#### ABOUT THIS TASK:
Print each record below precisely, with every picture left out of the copy.

Pictures with short captions:
________________________________________

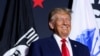 Mantan Presiden AS dan calon presiden dari Partai Republik Donald Trump tersenyum saat kampanye di Windham, New Hampshire, AS, 8 Agustus 2023. (REUTERS/Reba Saldanha)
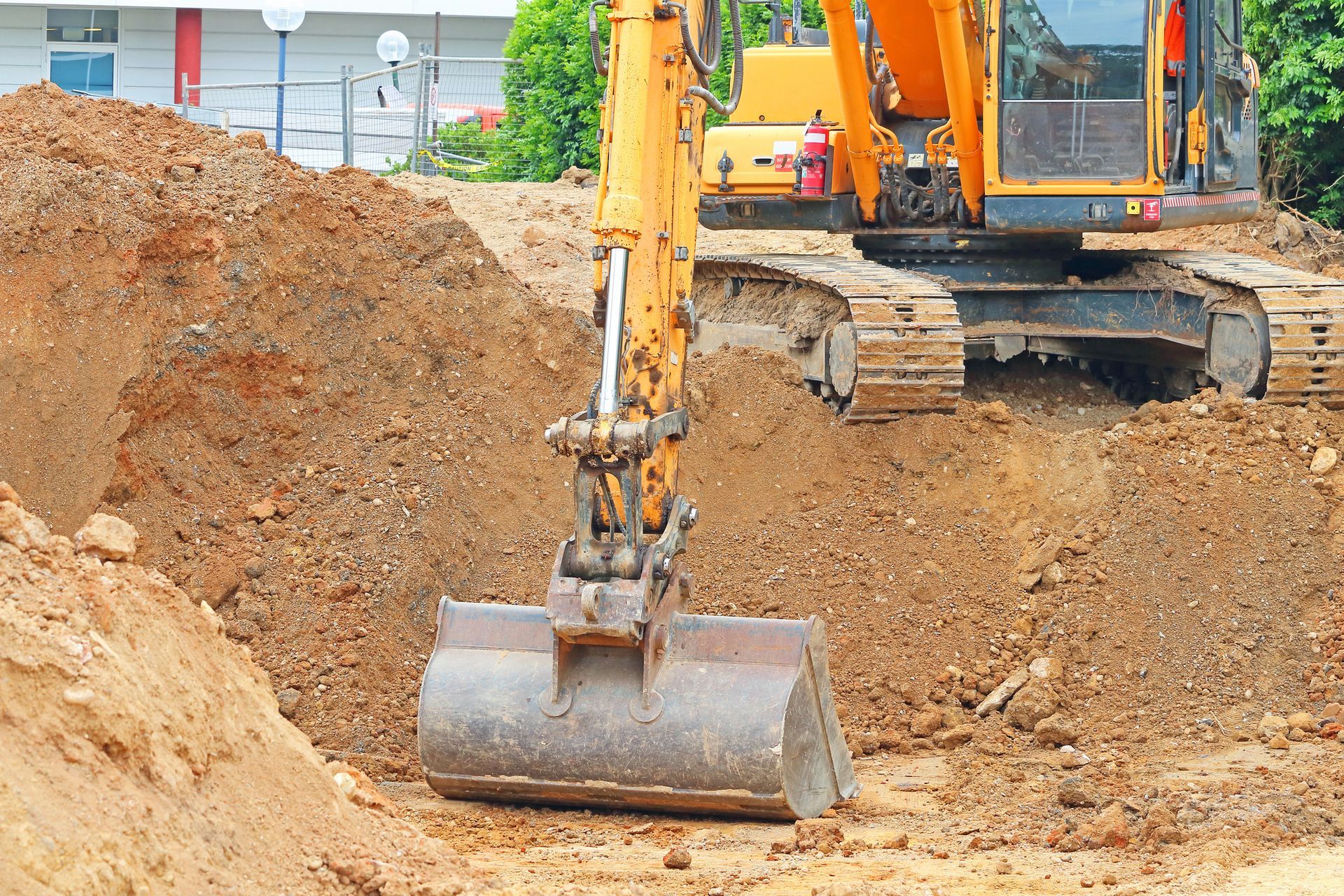 A yellow excavator is digging a hole in the ground.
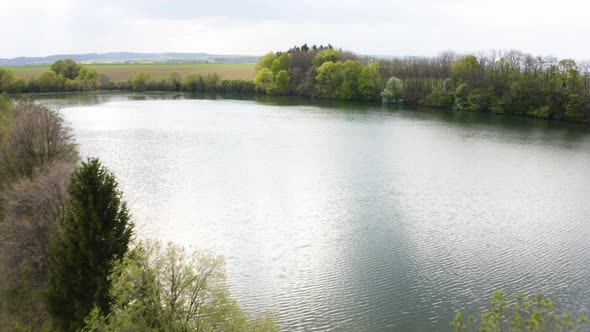 Aerial Drone Shot  a Large River in a Rural Area on a Sunny Day  Drone Flies Forward alt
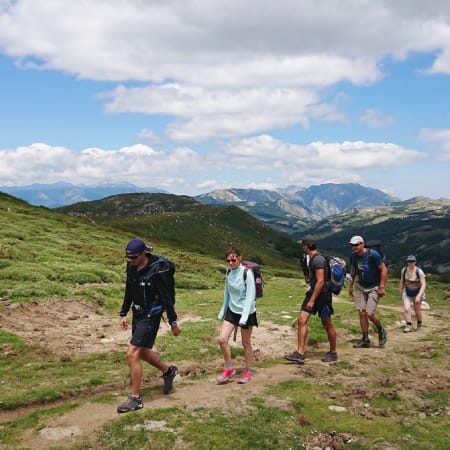 Groupe de randonneurs en montagne dans la vallée du Louron avec paysage pyrénéen et sommets enneigés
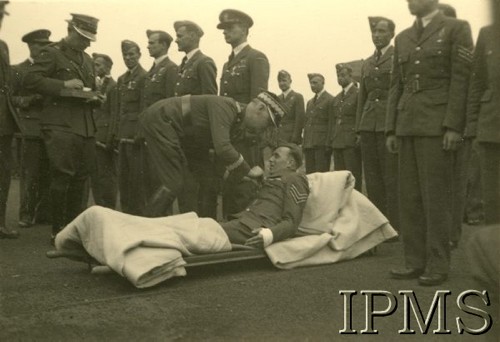 1941-1943, Wielka Brytania.
Polskie Siły Powietrzne w Wielkiej Brytanii. Generał Władysław Sikorski, przypinający odznaczenie rannemu żołnierzowi, leżącemu na noszach.
Fot. NN, Instytut Polski im. Gen. Sikorskiego w Londynie [Kolekcja mjr Piotra Dudzińskiego, dowódcy 304 Dywizjonu Bombowego 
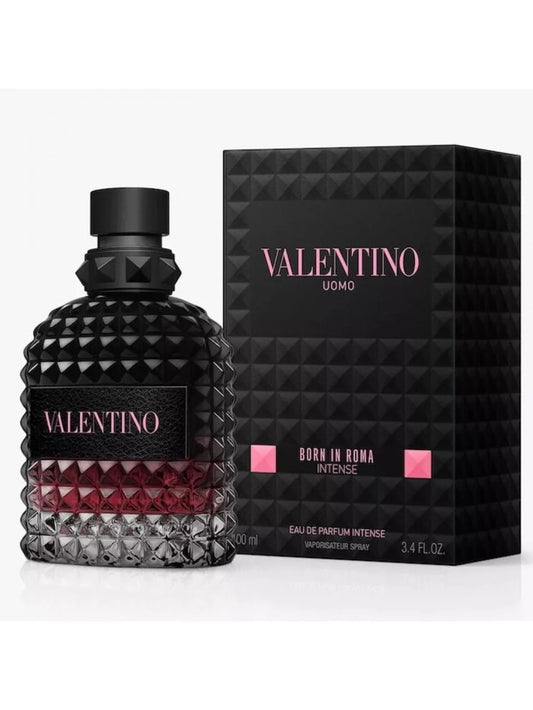 Valentino Uomo Born in Roma Intense Eau de Parfum Intense bottle with a textured black cap and base, showing a deep red liquid inside, next to its black geometric packaging box with pink lettering.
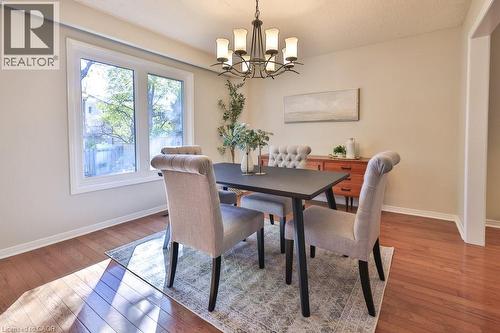 Dining area featuring light wood finished floors and a chandelier - 700 Fieldstone Road, Mississauga, ON - Indoor Photo Showing Dining Room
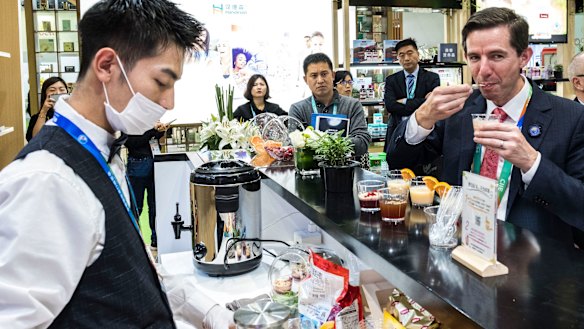 Trade Minister Simon Birmingham trying vitamin drinks at the Swisse stand on day one of the China International Import Expo in Shanghai this week.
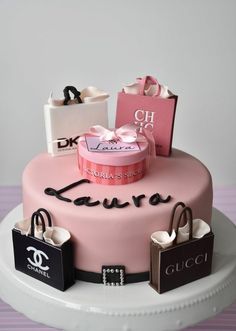 a pink cake with shopping bags on top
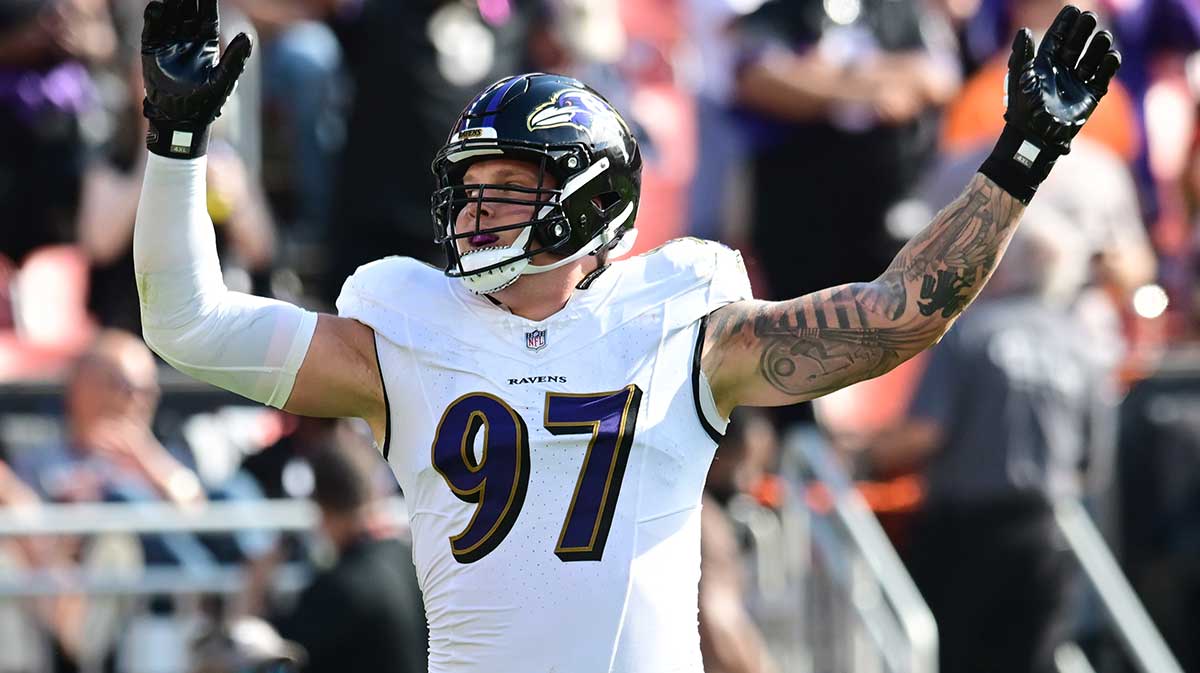 Baltimore Ravens defensive end Brent Urban (97) celebrates during the second half against the Cleveland Browns at Cleveland Browns Stadium.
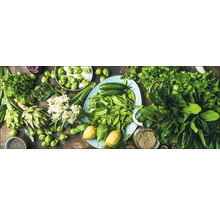 Légumes frais et herbes aromatiques sur une table, y compris artichauts, choux de Bruxelles, concombres et épinards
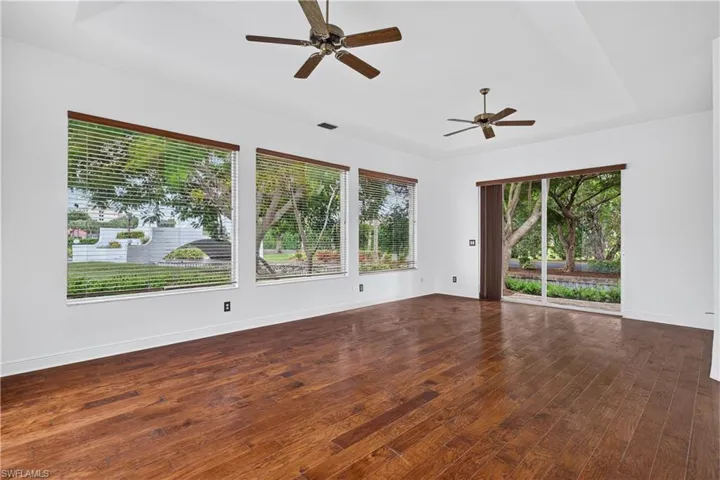 Spacious interior featuring wood flooring and a tray ceiling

________________________________________

#### SOLUTION:
 Mantan Presiden AS dan calon presiden dari Partai Republik Donald Trump tersenyum saat kampanye di Windham, New Hampshire, AS, 8 Agustus 2023. (REUTERS/Reba Saldanha)
 A yellow excavator is digging a hole in the ground.
 Aerial Drone Shot  a Large River in a Rural Area on a Sunny Day  Drone Flies Forward alt
 Groupe de randonneurs en montagne dans la vallée du Louron avec paysage pyrénéen et sommets enneigés
 1941-1943, Wielka Brytania.
Polskie Siły Powietrzne w Wielkiej Brytanii. Generał Władysław Sikorski, przypinający odznaczenie rannemu żołnierzowi, leżącemu na noszach.
Fot. NN, Instytut Polski im. Gen. Sikorskiego w Londynie [Kolekcja mjr Piotra Dudzińskiego, dowódcy 304 Dywizjonu Bombowego 
 Valentino Uomo Born in Roma Intense Eau de Parfum Intense bottle with a textured black cap and base, showing a deep red liquid inside, next to its black geometric packaging box with pink lettering.
 Dining area featuring light wood finished floors and a chandelier - 700 Fieldstone Road, Mississauga, ON - Indoor Photo Showing Dining Room
 Trade Minister Simon Birmingham trying vitamin drinks at the Swisse stand on day one of the China International Import Expo in Shanghai this week.
 a pink cake with shopping bags on top
 Baltimore Ravens defensive end Brent Urban (97) celebrates during the second half against the Cleveland Browns at Cleveland Browns Stadium.
 Légumes frais et herbes aromatiques sur une table, y compris artichauts, choux de Bruxelles, concombres et épinards
 Spacious interior featuring wood flooring and a tray ceiling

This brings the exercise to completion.